How did the existence of these semi-traditional ethnic working class communities, these societies within a society, impact the labor movement? First, consider the workers’ aims and motivations. Immigrants worked long hours in the factories, but the real locus of their lives and aspirations was in the neighborhoods. This meant that while they might be prepared to be very ‘militant’, especially when their families were starving, the nature of their demands tended to be what revolutionaries thought of as ‘economistic’. (This applies not just to workplace struggles but also to eviction resistance and demands for poor relief, e.g. during the Great Depression.) This wasn’t because the immigrants had been imbued with capitalist values, or because they only cared about material advancement. It was because they already had in their communities, in their families and churches and local shops and fraternal clubs, something worth preserving – and toiling away for industrial capital was a means to this end. They weren’t about to risk everything for some radical dream of revolutionizing relations on the job, because they weren’t looking for personal fulfillment from their jobs (not to mention the fact that they tended to be relatively uneducated and unskilled, and were confronted by an increasingly complex and technical system of industry – remember this was the era of Taylorism, mass production, etc!). So here we have a case of ‘conservative’ motivations contributing to labor struggles, but weighing against ‘radicalism’. Political radicalism (I think – I don’t have any specific source in mind here) tended to be strongest among single young men or workers detached from any tight-knit community. A kind of radicalism could also be born of desperation, but it wasn’t likely to become a creative force.
Second, consider conflicts between ethnic groups. These conflicts were not just based on what we think of today as prejudice or racism. Preferential treatment among members of a immigrant community at the expense of others was part of collective self-help, and this was a viable way of rising in society. There were real gains and privileges to be won, because despite ups and downs American capitalism was booming – remember this was the beginning of the era of mass-produced consumer goods, automobiles, etc. So ethnic groups were not just fighting to preserve their communities, they were competing for the best terms of integration into capitalism, for access to the prosperity that the rise of industry promised. Capitalists could exploit this competition, and of course they did. So for example in the 1919 steel strikes loads of black strike breakers were brought in and spies were sent into the unions to stir up animosity between ethnic groups. Although in the context of any particular labor struggle it was generally in the real interests of different ethnic groups to co-operate with each other, the hostilities that made this co-operation so difficult to achieve grew out of a wider situation in which the real interests of these groups were often at odds. So here we have a case of the ‘progressive’ desire to integrate into and benefit from capitalism – which of course motivated labor struggles – working against labor unity, and thus limiting what the labor movement could accomplish. (On a related note, unions themselves were open to being captured by factions – think crime syndicates and the Teamsters – and used as yet another lever in their own advancement. This was obviously destructive of an effective labor universalism, let alone radicalism.)

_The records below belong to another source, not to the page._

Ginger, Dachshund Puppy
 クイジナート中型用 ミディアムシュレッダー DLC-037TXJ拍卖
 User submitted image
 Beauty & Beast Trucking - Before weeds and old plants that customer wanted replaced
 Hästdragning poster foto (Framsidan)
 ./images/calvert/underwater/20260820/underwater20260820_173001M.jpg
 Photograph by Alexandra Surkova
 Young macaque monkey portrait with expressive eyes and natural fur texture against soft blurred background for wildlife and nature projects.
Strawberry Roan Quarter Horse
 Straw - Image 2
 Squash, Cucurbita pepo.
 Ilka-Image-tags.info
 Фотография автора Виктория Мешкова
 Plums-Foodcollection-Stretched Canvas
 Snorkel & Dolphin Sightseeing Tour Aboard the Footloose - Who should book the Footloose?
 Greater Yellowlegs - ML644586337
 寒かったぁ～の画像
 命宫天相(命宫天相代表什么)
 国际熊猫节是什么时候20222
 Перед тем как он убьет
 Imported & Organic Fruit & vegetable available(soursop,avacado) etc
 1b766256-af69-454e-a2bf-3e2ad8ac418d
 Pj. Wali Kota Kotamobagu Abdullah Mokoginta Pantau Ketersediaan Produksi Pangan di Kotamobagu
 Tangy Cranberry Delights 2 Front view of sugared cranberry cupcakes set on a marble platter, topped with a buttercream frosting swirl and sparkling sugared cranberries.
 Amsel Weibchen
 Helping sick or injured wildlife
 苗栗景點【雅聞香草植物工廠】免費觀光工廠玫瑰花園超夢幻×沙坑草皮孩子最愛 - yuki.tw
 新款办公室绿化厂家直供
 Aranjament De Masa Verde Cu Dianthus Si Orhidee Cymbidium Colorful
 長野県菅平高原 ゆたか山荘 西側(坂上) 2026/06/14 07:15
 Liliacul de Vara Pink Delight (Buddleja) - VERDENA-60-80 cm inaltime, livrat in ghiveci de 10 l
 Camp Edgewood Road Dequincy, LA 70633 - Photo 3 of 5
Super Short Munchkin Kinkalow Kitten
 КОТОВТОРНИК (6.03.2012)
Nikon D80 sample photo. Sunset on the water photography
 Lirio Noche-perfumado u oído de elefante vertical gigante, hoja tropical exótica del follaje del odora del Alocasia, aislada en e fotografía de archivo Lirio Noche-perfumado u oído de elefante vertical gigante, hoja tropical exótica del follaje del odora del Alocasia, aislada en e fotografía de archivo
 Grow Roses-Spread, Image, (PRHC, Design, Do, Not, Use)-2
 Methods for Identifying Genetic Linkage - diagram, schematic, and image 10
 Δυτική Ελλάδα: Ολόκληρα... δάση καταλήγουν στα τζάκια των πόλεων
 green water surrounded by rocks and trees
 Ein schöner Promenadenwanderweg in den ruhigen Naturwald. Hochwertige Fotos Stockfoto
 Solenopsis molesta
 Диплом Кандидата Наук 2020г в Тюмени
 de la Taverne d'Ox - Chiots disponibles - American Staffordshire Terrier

The contrast with today is sharp and important. Of course there are still many layers of privilege within the working class, but there are two huge differences today: first, the fact that the various strata are no longer organized as communities whose members’ fates are bound up together so that they are really in competition as groups; and second, the fact that the direction of motion has changed, so that instead of rising prosperity we have general decline – today it is a matter of the top strata being squashed down, rather than the bottom ones clawing their way up. This gives us a chance to build a new universal kind of community that unites the whole working class, simultaneously reflecting and further creating the historical conditions in which our real interests more and more coincide – and it means that although capitalists will still try to exploit the remaining divisions they will not have so much success. The upshot is, today the working class has little left to ‘conserve’ and capitalism can no longer offer it room to ‘progress’ – so it has to become radical.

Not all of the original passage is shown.